*** Opening STORED DATA ***

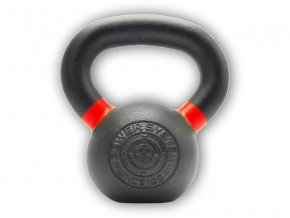 Power System PowerSystem činka KETTLEBELL EVO 10kg  + šťavnatá tyčinka ZDARMA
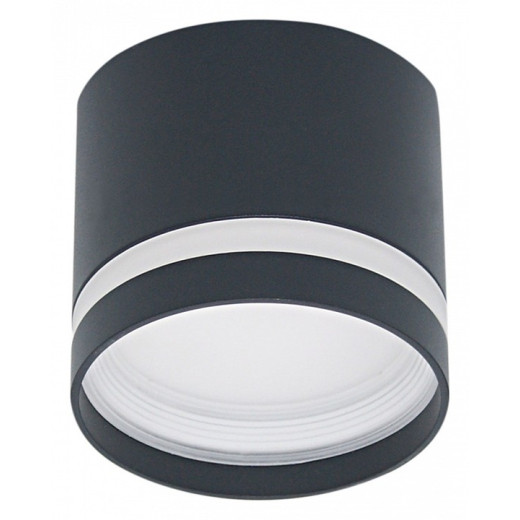 Накладной светильник Reluce Technical 53001 53001-9.5-001LD GX53 BK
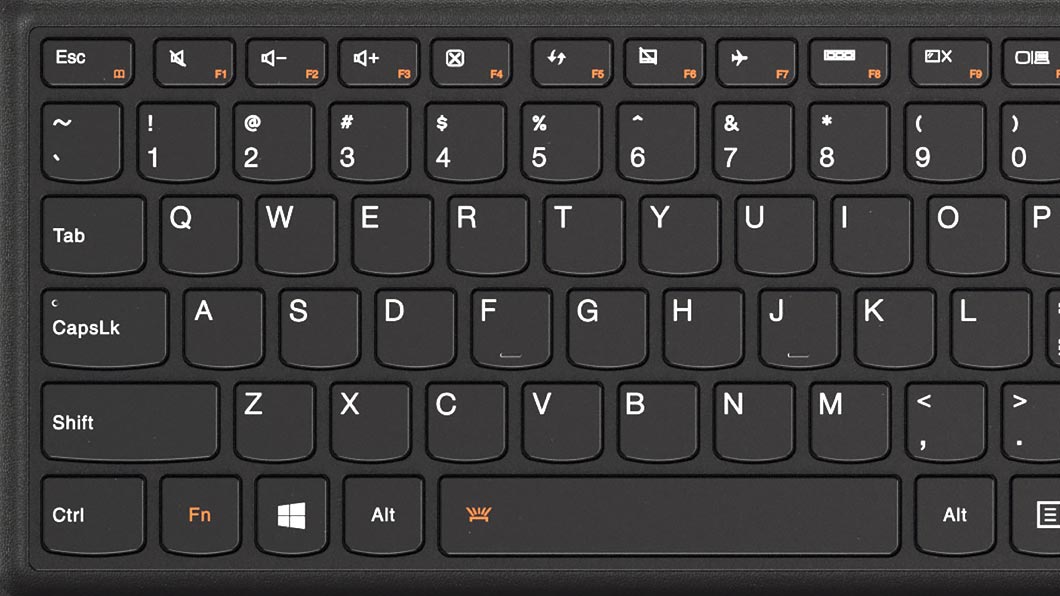 Yoga 900 (13) close up of keyboard detail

*** Closing STORED DATA ***

_EXERCISE DIRECTIONS_: Return each of the lines exactly as they appear above, with no images.

_ANSWER BOX_:
 Power System PowerSystem činka KETTLEBELL EVO 10kg  + šťavnatá tyčinka ZDARMA
 Накладной светильник Reluce Technical 53001 53001-9.5-001LD GX53 BK
 Yoga 900 (13) close up of keyboard detail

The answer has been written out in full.